What’s a basketball game without a hot dog? All the hot dogs at Moda come from Zenner’s Sausage Company, which has been a fixture in Portland since 1927 for franks, brats, and smoked hams. There is a proprietary Blazers dog for you, too. Jessica says she took a couple of her sous chefs with her to Zenner’s to make a stadium dog. “Of course everyone was saying to just add more bacon,” she recalled. The Blazin’ Sausage indeed has both bacon and Cheddar in its mix (guessing here that the Moda is not counting on many fans keeping kosher), and an incredible snap when you bite into it. On the club level, you can even find the hotdog condiment bar of your dreams: kimchi, 1000 Island dressing, and pineapple chunks are garnishes on it, in addition to all the usual suspects.

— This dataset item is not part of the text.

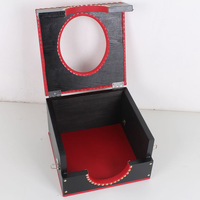 Sm Sitting Queen : Accessoires pour soumission, fournitures sexuelles, outils de tortion dorés, outils de tortion pour eau brute, outils de tortion pour toilettes, et accessoires pour la consommation forçée d'eau.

And what’s a basketball game without ice cream? Salt & Straw is the local favorite and has been crowned best in the city by everyone from the local media to Andrew Zimmern to the Wall Street Journal. Owner Kim Malek is a something of a celebrity; she has said that she wanted to open an ice cream shop because she wanted to have a place where people in a neighborhood could come and hang out — a modest goal, especially considering the exotic flavors like strawberry honey balsamic and pineapple honey Aperol. The five options at the Moda are more tried-and-true — chocolate gooey brownie, coffee & bourbon, snickerdoodle — but they are excellent, as $7 scoops of ice cream should be. The line here wraps around the whole center during halftime, and Salt & Straw is in fact the only concession that stays open 30 minutes after the games end.
To set expectations appropriately, there is still Coors Light in this arena. You can still buy bags of cotton candy that may or may not be stale. Some people come to sporting events for precisely those things, and those people will not feel alienated. However, the fact that the Moda Center has the best food in the NBA is no longer questionable; no one can touch it right now. Whether it can be beaten in the future is the challenge. Good to end with a sports metaphor, no? #Winning.